## YOUR OBJECTIVE
Take the lines in the listing below from the line with "Archillect ID 399717" up to and including the line with "image about ณัฏฐ์ชนน" and set them down exactly, skipping pictures and adding nothing.
::: PROVIDED DATA :::
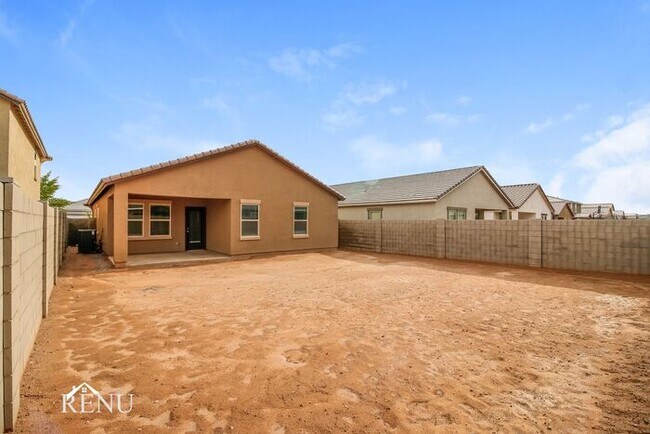 Building Photo - 35438 W San Capistrano Ave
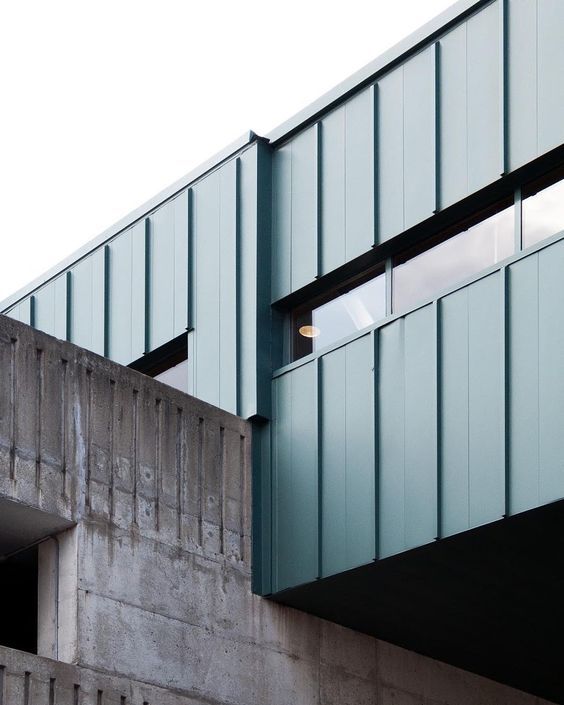 Archillect ID 399717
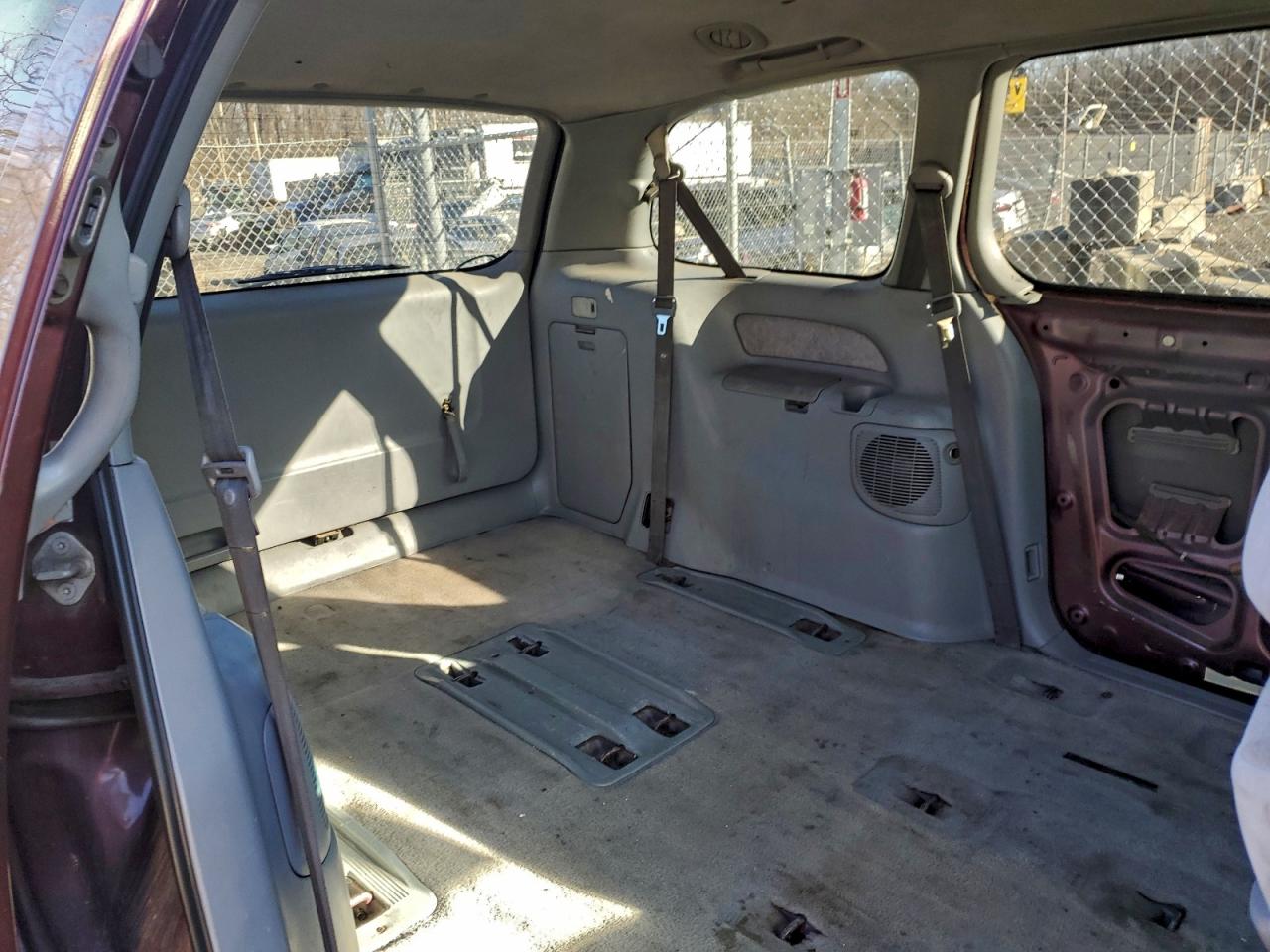 1999 TOYOTA SIENNA LE photo 11
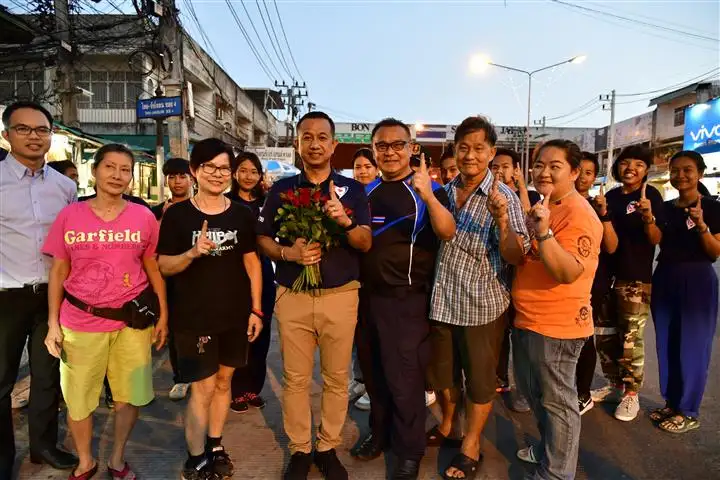 image about ณัฏฐ์ชนน ลุยเดินหาเสียงทุกพื้นที่โชว์วิสัยทัศน์ทะลายทุกข้อจำกัดเพื่อพัฒนาด่านนอก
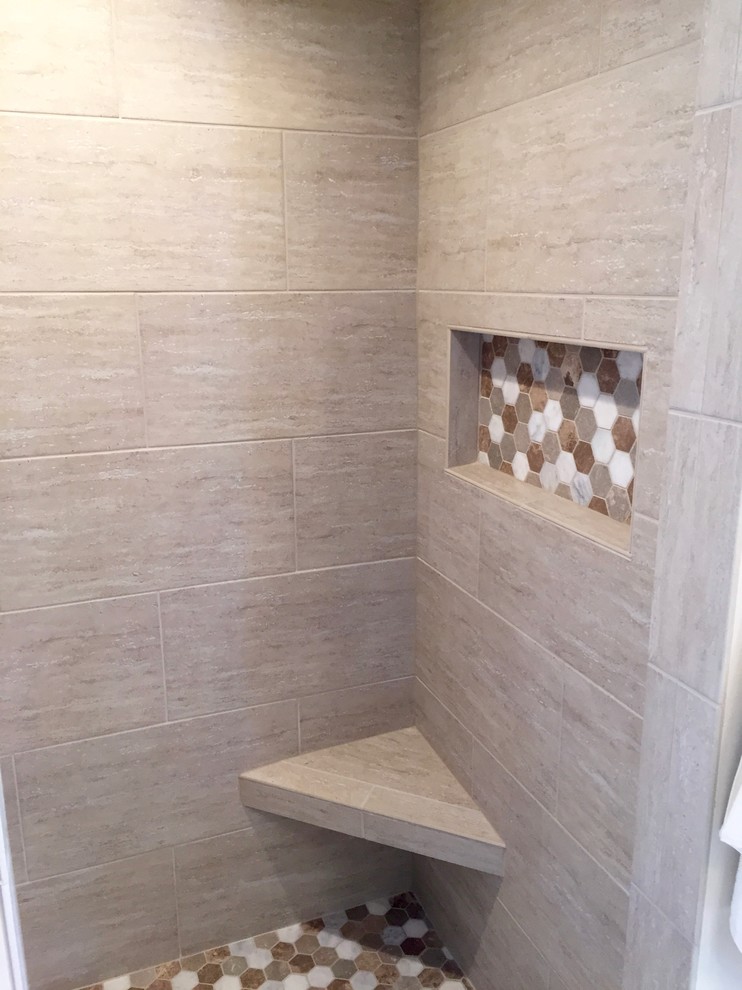 Foto di una stanza da bagno padronale american style con doccia ad angolo, piastrelle multicolore, piastrelle in pietra, pareti beige, pavimento con piastrelle in ceramica, lavabo a consolle e top in laminato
:::
## SOLUTION FOR THIS TASK
 Archillect ID 399717
 1999 TOYOTA SIENNA LE photo 11
 image about ณัฏฐ์ชนน ลุยเดินหาเสียงทุกพื้นที่โชว์วิสัยทัศน์ทะลายทุกข้อจำกัดเพื่อพัฒนาด่านนอก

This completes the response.